When it came time for the city to discuss some potential actions it could take, it became clear that our city is impotent. All their ideas were performative at best and unrealistic in implementation. Nothing they suggested would do anything to make our citizens feel safer. It would just make them look like they were trying. Declaring a State of Emergency would accomplish nothing. We’re told the local police can do nothing legally to help ensure our safety when men in unmarked cars, toting guns, and wearing masks decide to pull us out of cars and homes. We were told that the cash-strapped city needs federal funding to rebuild our outdated infrastructure, and they can’t get that if they interfere with or complain about ICE. Then we were treated to some patronizing lectures from a couple of the members of the council. We were told that there’s only been like 40 people in our county detained (Only?); and that we’re all just falling prey to fear-mongering created by activist organizations. If you’re an immigrant who hasn’t done anything wrong, you have nothing to fear. Said with all the earnestness White Male Privilege affords. They even went after the local Latino non-profit trying to help care for the community and document ICE activity, like they were the problem. Not the ex-Proud Boys running around waving guns at unarmed citizens. Honestly, I could have been sitting on a wrap-around porch in the South sipping mint juleps, listening to a plantation owner or overseer justify owning slaves and whipping them into submission – that’s the vibe it was giving.
Everything feels futile. Love thy neighbor is just something one mutters in church. Neighbors and “good Christians” see the needy and oppressed as parasites. People online and in government callously talk about the death of Renee Good as if it were justified because she had the audacity to be queer and volunteered to bear witness to government cruelty. The leadership on the Left spend their time constantly asking for money to get re-elected to fight for us, but have yet to show us they have a plan. We have no real leader. We have no General Washington to lead us into battle. We aren’t riding at dawn to save the nation.
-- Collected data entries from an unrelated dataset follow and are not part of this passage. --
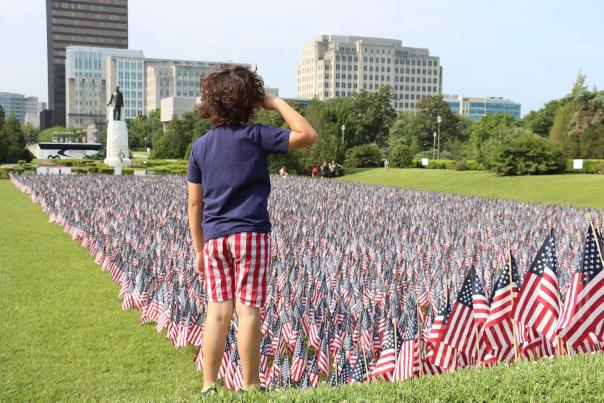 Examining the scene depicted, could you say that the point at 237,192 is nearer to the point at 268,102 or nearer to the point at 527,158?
the point at 268,102

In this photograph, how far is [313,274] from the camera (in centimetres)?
841

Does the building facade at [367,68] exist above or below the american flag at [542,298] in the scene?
above

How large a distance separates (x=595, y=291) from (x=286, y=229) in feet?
28.3

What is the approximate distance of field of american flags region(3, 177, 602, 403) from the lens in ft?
16.7

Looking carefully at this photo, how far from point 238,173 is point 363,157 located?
4945cm

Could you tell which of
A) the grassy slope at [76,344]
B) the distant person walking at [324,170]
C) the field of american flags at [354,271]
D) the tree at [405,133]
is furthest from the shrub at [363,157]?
the grassy slope at [76,344]

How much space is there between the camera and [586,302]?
16.1 ft

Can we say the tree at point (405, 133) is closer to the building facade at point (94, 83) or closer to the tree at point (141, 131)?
the tree at point (141, 131)

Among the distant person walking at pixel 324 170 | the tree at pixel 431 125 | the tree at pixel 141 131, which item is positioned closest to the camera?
the distant person walking at pixel 324 170

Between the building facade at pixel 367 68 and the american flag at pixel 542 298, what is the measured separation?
15708cm

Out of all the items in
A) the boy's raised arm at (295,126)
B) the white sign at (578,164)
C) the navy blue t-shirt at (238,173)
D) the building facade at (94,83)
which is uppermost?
the building facade at (94,83)

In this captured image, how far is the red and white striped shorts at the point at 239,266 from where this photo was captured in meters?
3.99

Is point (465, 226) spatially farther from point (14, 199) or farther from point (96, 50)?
point (96, 50)

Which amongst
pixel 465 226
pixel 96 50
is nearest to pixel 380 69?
pixel 96 50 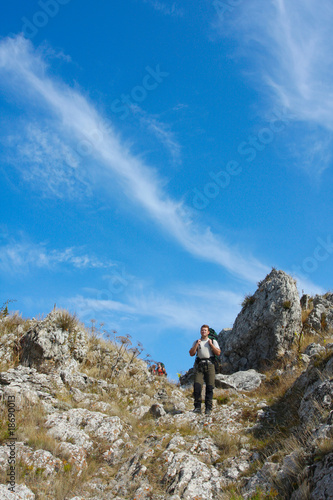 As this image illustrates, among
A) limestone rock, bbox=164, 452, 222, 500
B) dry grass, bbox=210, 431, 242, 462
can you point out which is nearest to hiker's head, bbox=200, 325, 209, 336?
dry grass, bbox=210, 431, 242, 462

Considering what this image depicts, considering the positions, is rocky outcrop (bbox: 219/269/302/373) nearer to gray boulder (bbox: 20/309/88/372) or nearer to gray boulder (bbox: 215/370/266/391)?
gray boulder (bbox: 215/370/266/391)

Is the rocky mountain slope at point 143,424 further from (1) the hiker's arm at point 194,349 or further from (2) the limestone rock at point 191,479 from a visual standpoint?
(1) the hiker's arm at point 194,349

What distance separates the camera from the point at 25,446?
6598 millimetres

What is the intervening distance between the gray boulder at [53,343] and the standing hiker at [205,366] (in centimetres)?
435

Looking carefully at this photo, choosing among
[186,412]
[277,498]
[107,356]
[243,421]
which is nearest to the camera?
[277,498]

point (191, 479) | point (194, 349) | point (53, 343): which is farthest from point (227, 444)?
point (53, 343)

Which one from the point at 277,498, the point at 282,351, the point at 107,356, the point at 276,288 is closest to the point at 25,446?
the point at 277,498

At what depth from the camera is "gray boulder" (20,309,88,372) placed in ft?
35.5

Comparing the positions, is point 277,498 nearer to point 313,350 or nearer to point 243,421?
point 243,421

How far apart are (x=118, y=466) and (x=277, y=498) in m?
3.53

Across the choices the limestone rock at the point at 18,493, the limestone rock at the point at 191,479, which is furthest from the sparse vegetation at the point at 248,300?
the limestone rock at the point at 18,493

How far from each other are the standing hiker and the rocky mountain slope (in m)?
0.41

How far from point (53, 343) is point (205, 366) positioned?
5.07 m

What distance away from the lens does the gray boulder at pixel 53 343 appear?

While Dahl may not have been a fan of the film adaptation of his book, I most certainly am. And, in these uncertain times, I keep hearing Gene Wilder recite the poem from the boat scene in my head as I scroll through my feed or watch the news.
Yes, the danger must be growing
For the rowers keep on rowing
And they’re certainly not showing
Any signs that they are slowing2
Yup. They certainly are not showing any signs that they are slowing.
- Orwell, George. 1984. London: Secker & Warburg, 1949
- Dahl, Roald. Charlie and the Chocolate Factory. New York: Alfred A. Knopf, 1964.